# Rear Axle Replacement



## DaveH (Jan 20, 2006)

Does anyone have any suggestions on the best place to source a replacement axle? I need to replace the left rear axle on my '66, 10 bolt rear, 28 spline. It looks like OPGI my be the best source, but thought I would see if anyone had any better suggestions. 

A couple of other questions: 
It looks like there were two slightly different lengths used in '66. An early model (30" length) and later '66 (29 3/4" length). I am pretty sure that I have the former - but I believe that the later one would work as well. What do you guys think? 

I have also seen some cross referenced parts numbers for rear axle shafts using the same numbers for '66 GTO and '66 Chevelle. I know the Chevy's use a C-clip- but I guess it is possible that these could work in the GTO without the clip? Any thoughts here? I believe the Buick, Pontiac, Olds are different than the Chevy's due to the C-clip, put likely also in length. 

What about the bearing diameters for the various A-bodies - are they all the same? I haven't found any specs on these. 

Thanks for any suggestions!


----------



## 05GTO (Oct 6, 2004)

Dave,

I'm purchasing most of my resto parts from The Parts Place, their prices overall are a little better than most suppliers.

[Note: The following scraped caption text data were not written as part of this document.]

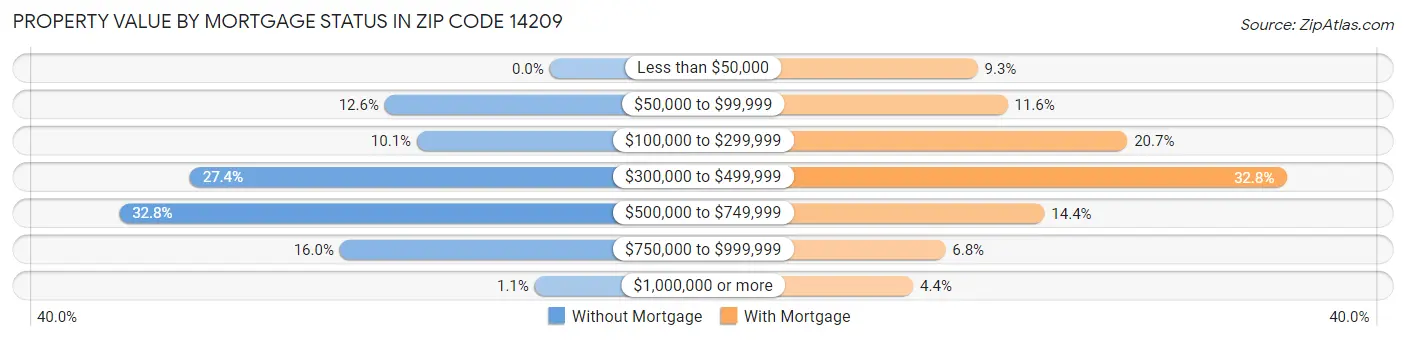 Property Value by Mortgage Status in Zip Code 14209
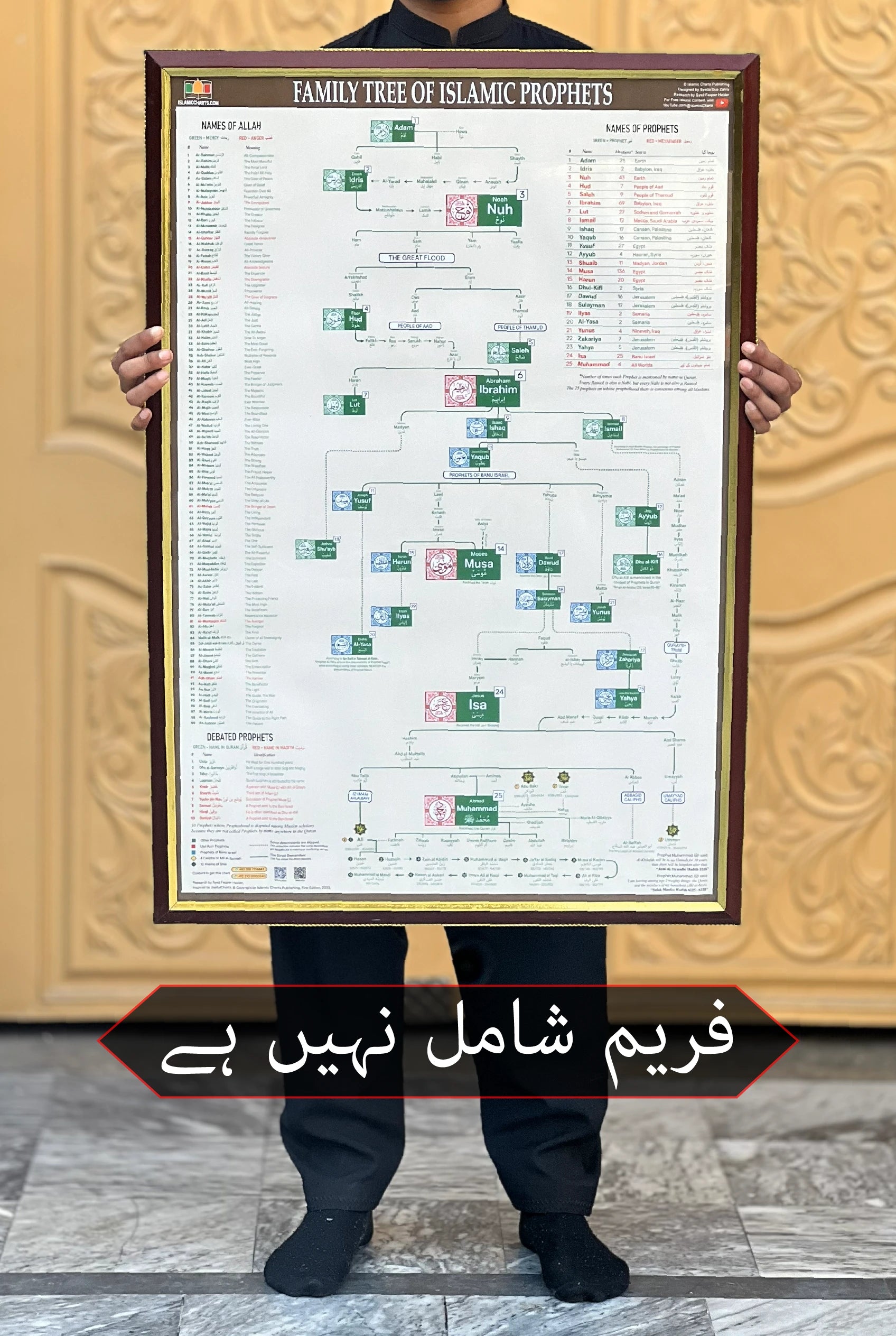 Complete Prophets family tree chart poster shown at full size for scale reference, featuring comprehensive historical family tree timeline of all Prophets as educational wall art resource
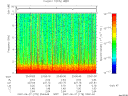 T2007178_23_10KHZ_WBB thumbnail Spectrogram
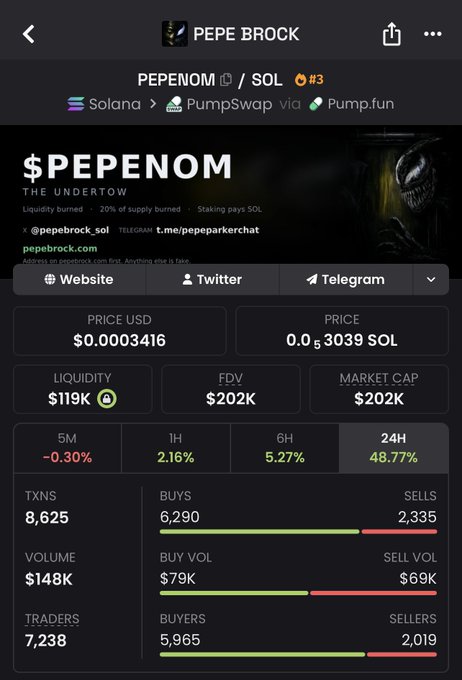 A screenshot of a cryptocurrency tracker showing the $PEPENOM token (PEPENOM/SOL, #3) on the Solana network via PumpSwap/Pump.fun, with a price of $0.0003416, FDV of $202K, 24H change of 48.77%, and contact info @pepeparkerchat on Telegram.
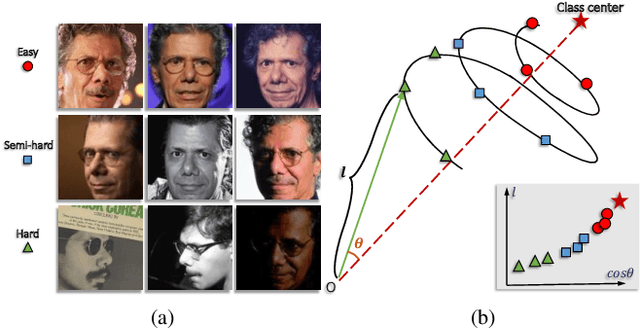 Figure 1 for MagFace: A Universal Representation for Face Recognition and Quality Assessment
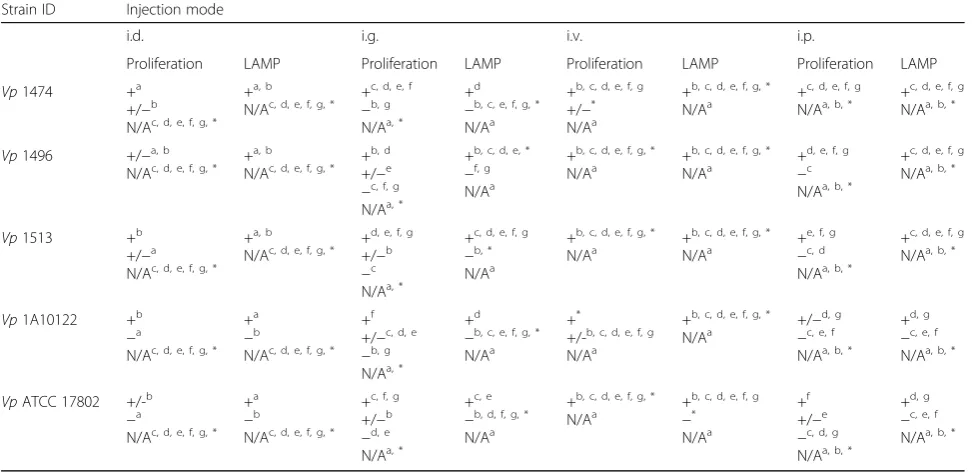 Table 5 Results interpretation for V. parahaemolyticus infection in target organs of mice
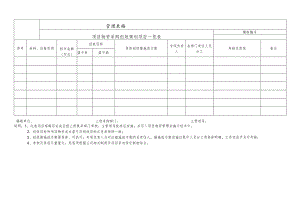 项目物资采购创效策划项目一览表.docx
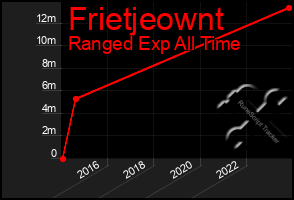 Total Graph of Frietjeownt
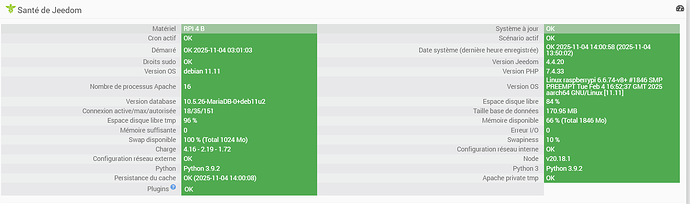 sante Jeedom
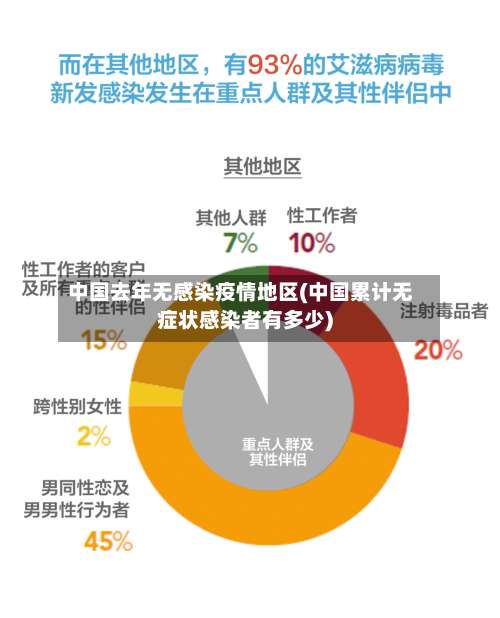 中国去年无感染疫情地区(中国累计无症状感染者有多少)-第1张图片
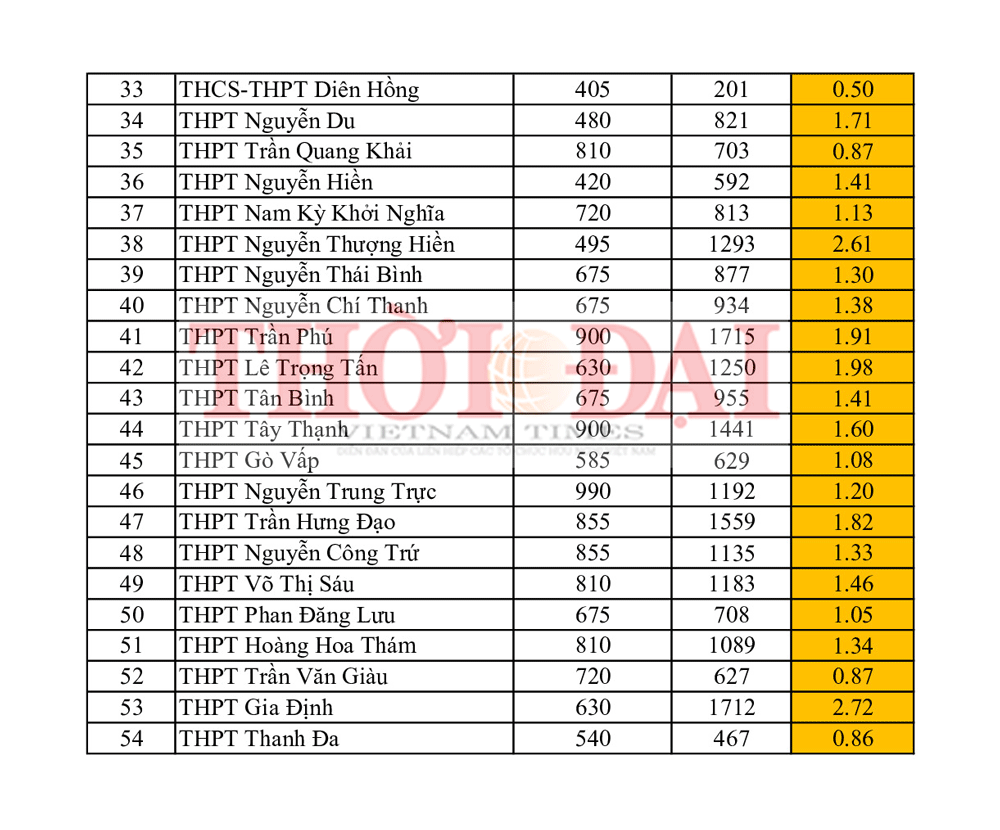 Thi lớp 10 TP.HCM: Top 5 trường tỉ lệ chọi thi cao nhất năm 2019 top 5 truong co ti le choi thi vao lop 10 cao nhat tphcm nam 2019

They list the axle you are looking for;

The Parts Place Is The Largest Supplier Of Chevrolet Buick Oldsmobile and Pontiac Restoration Parts

I've scanned thru my 66 and 67 service and shop manuals and neither have specs on the lenghts of the axles. If you want a copy of the differential chapter PM me a fax number and I will fax it to you,


----------



## DaveH (Jan 20, 2006)

Thanks - I've checked them out and they do seem to have pretty good prices! I've got the service & shop manuals already and like you say, not any detailed specs.


----------